Jesucristo no se presenta a los suyos sin heridas; precisamente porque son heridas luminosas, heridas de amor, es desde sus llagas en donde Tomás podrá confesar la fe. Se trata de no disimular o esconder nuestras llagas. Unos cristianos con llagas seremos capaces de comprender las llagas del mundo de hoy y hacerlas nuestras, padecerlas, cuidarlas y tratar de curarlas. Una Iglesia con llagas no se pone en el centro, no se cree perfecta, sino que pone allí al único que puede sanar las heridas: Jesús resucitado. La conciencia de estar heridos nos libera; de hacernos protagonistas y creernos superiores.

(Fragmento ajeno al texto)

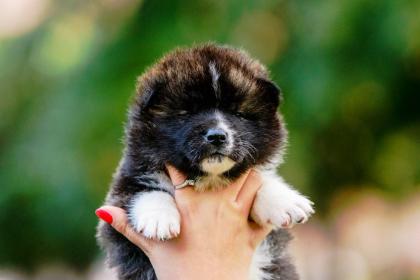Akita Inu Welpen zu verkaufen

Pedro experimentó en su propia carne la herida no sólo del pecado, sino de sus propios límites y debilidades. Pero descubrió en Jesús que sus heridas pueden ser camino de Resurrección. Conocer a Pedro desolado y poder verle después transfigurado es la invitación a pasar de ser una Iglesia de abatidos a una Iglesia servidora de tantos abatidos que caminan a nuestro lado. Ese es el signo de que el Reino de los Cielos está entre nosotros.